* _Your assignment_
Once the pictures are set aside, transcribe each line of the data exactly.

(Stored data begins)

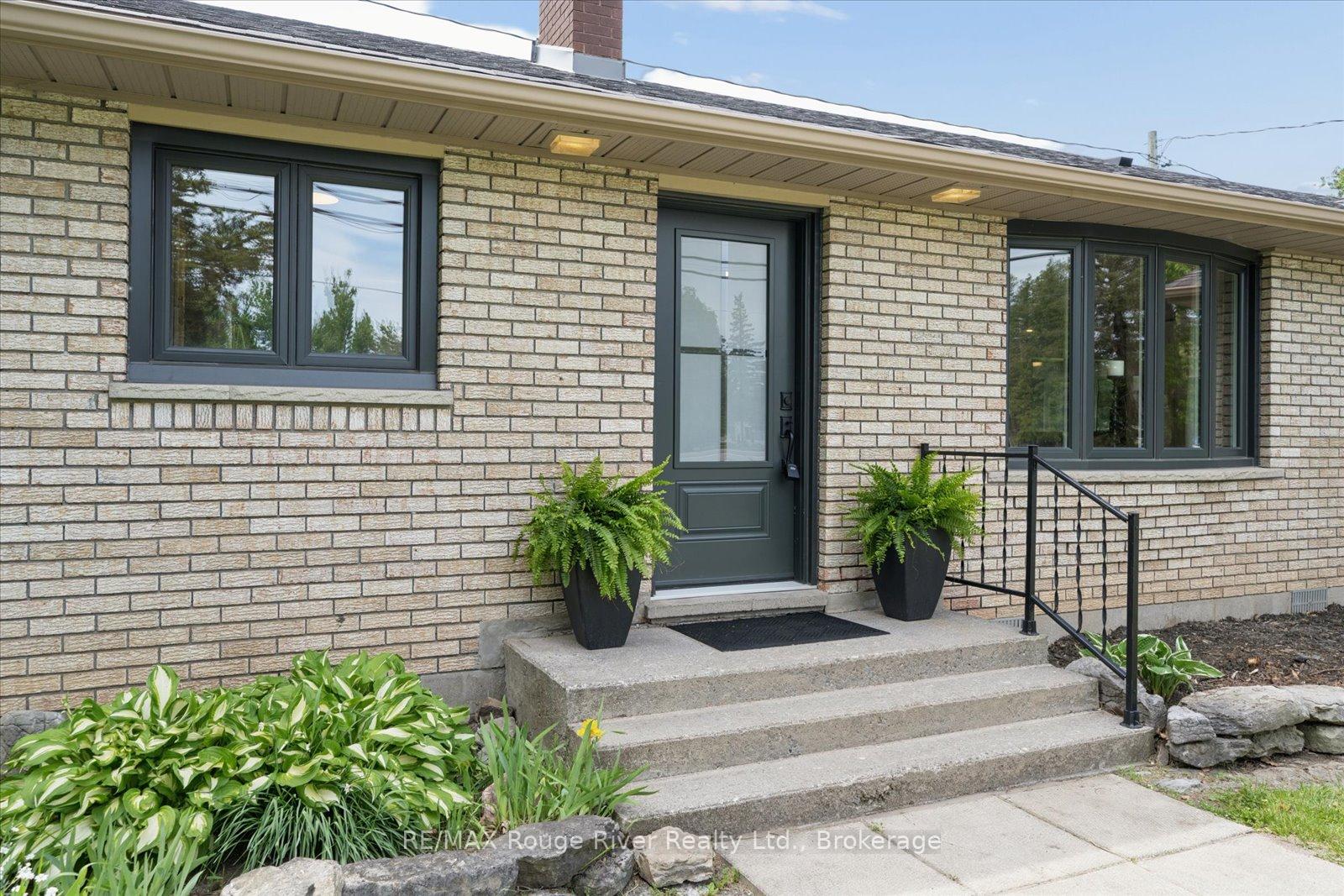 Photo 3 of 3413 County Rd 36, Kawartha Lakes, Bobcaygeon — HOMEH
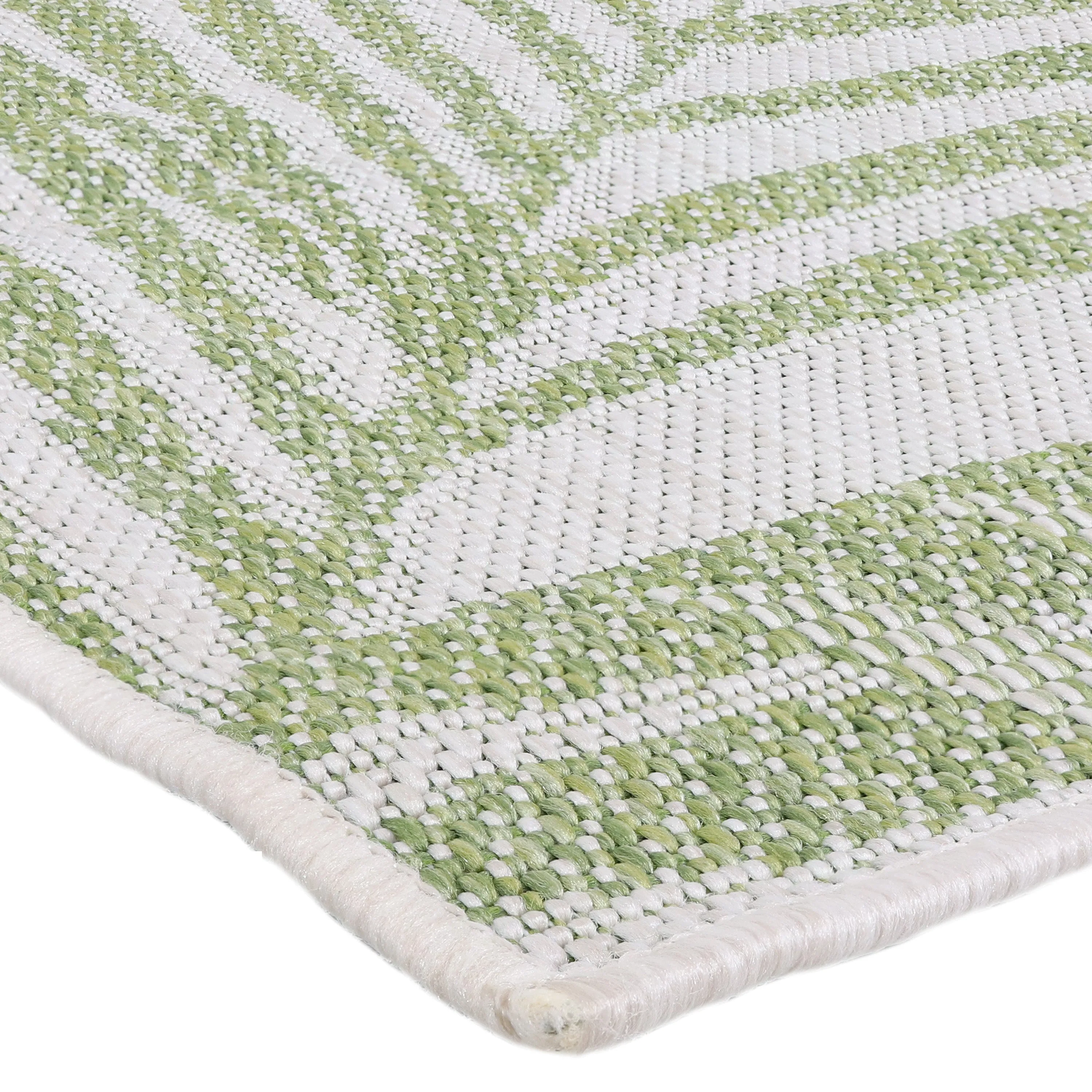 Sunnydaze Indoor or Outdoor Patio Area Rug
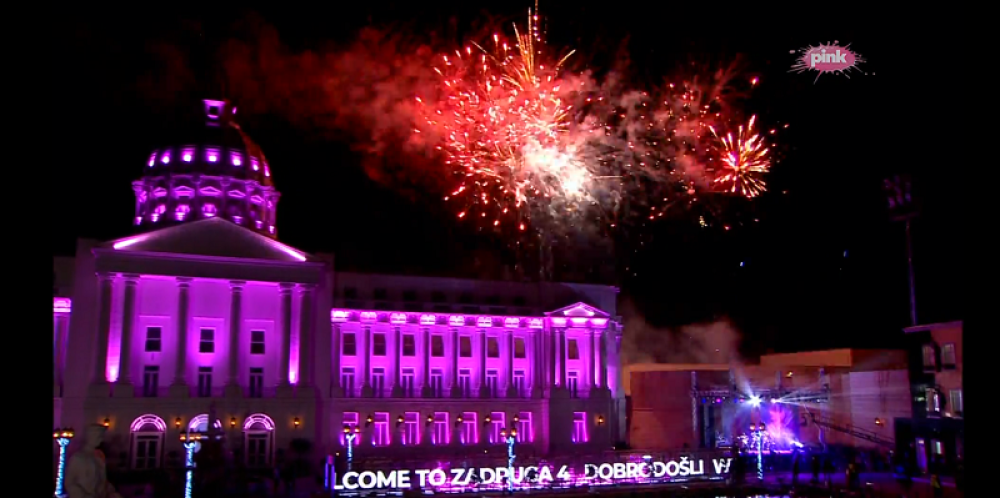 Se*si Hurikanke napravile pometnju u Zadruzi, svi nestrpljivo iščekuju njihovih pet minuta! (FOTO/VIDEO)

(Stored data ends)

* _Output_
 Photo 3 of 3413 County Rd 36, Kawartha Lakes, Bobcaygeon — HOMEH
 Sunnydaze Indoor or Outdoor Patio Area Rug
 Se*si Hurikanke napravile pometnju u Zadruzi, svi nestrpljivo iščekuju njihovih pet minuta! (FOTO/VIDEO)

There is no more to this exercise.